Cairo M. “Il sindaco di Cairo Montenotte, Fulvio Briano, si è espresso a favore di un ‘casello Albamare’ per l’ospedale San Paolo che è totalmente diverso dal ‘Casello Albamare’ che sostiene il nostro comitato”: la precisazione arriva da Paolo Forzano, presidente del Comitato “ad hoc”.
“Il casello di cui parla Briano è ‘funzionale per gli utenti del San Paolo con uno svincolo unidirezionale, ovvero un’uscita solo in direzione Genova’. Ma che cosa è questo? Non certamente il casello Albamare che noi sosteniamo. Semmai, assomiglia di più a quello già proposto dall’ex assessore savonese Livio Di Tullio. Pertanto invitiamo il sindaco cairese a fare chiarezza”, incalza Forzano.

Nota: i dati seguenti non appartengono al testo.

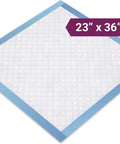 Super Absorbent Disposable Underpads And Incontinence Bed Pads 23 X 36 Inch with blue borders, latex-free material for moisture protection.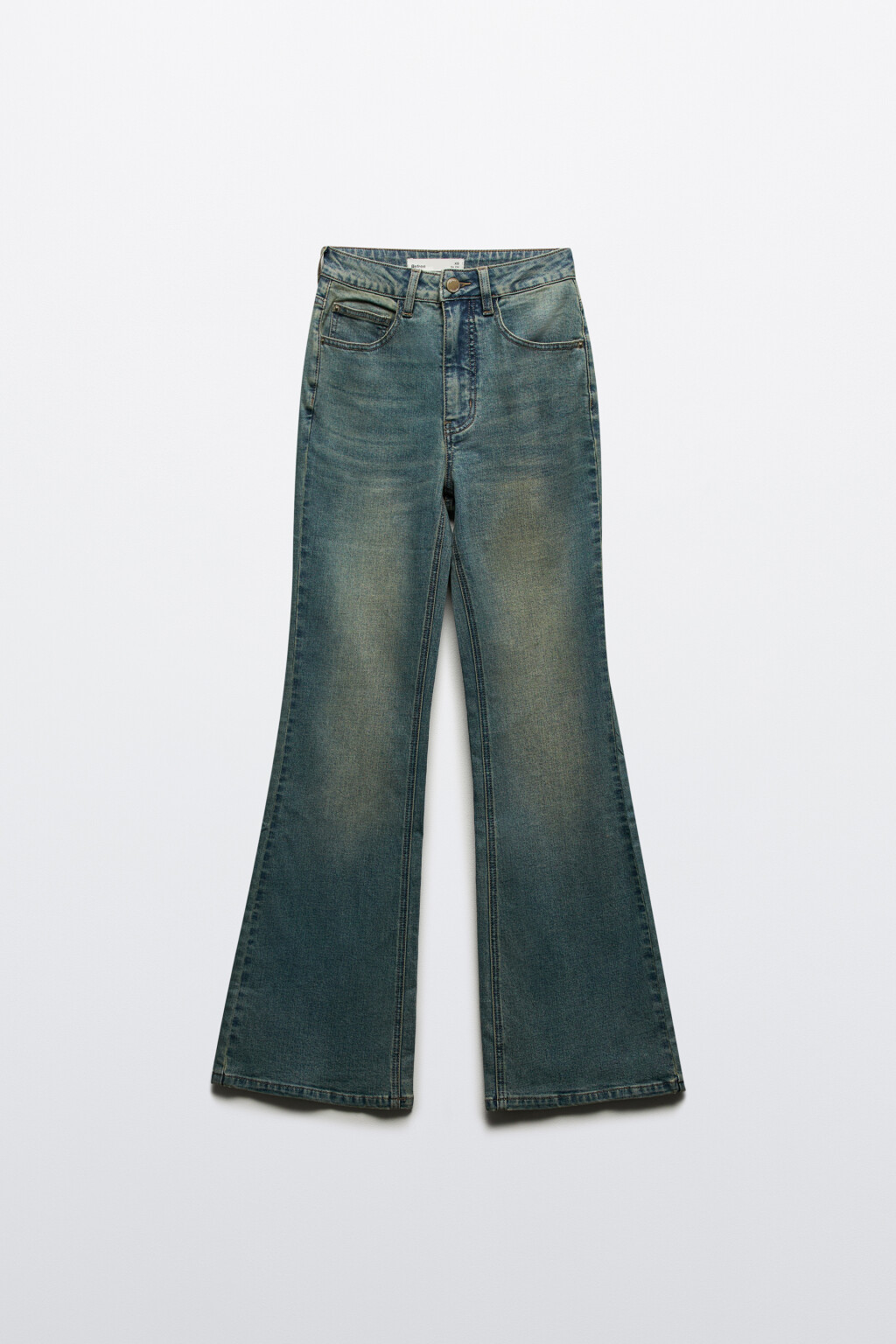 Джинсы клеш с высокой посадкой - цвет синий - 6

“Albamare è un casello ‘normale’ con svincoli sia direzione levante (Genova) che ponente, e pertanto al servizio del territorio – spiega il presidente del Comitato Casello Albamare – Serve a risolvere i problemi di Albisola, ma anche ad alleggerire grandemente via Stalingrado, corso Tardy&Benech, corso Mazzini da un traffico ormai saturo da tempo, ed incompatibile con la vivibilità urbana. Naturalmente serve anche per la Valbormida. Ricordiamo solo che le rilevazioni del PUMT Savona 2010 (piano urbano della mobilità e del trasporto) hanno rilevato 14.416 veicoli provenienti dalle valli, ovvero in buona parte dalla Valbormida. Di queste auto 8.255 vanno in centro, ovvero nel triangolo Mameli-porto-ospedale. Inoltre anche da ponente e da levante la maggioranza del traffico (80% circa) vuole andare in centro. Pertanto è assurdo pensare ad un casello monodirezionale. Una spesa inutile. Vedasi quello fatto per l’ospedale di Voltri una decina di anni fa con la stessa giustificazione: ‘solo’ accesso all’ospedale. Una cattedrale nel deserto. Gradiremmo che per correttezza e chiarezza verso i lettori e gli elettori il termine Albamare venisse usato “solo” propriamente ovvero per la nostra proposta di casello, e non per altre proposte, che generano solo confusione”.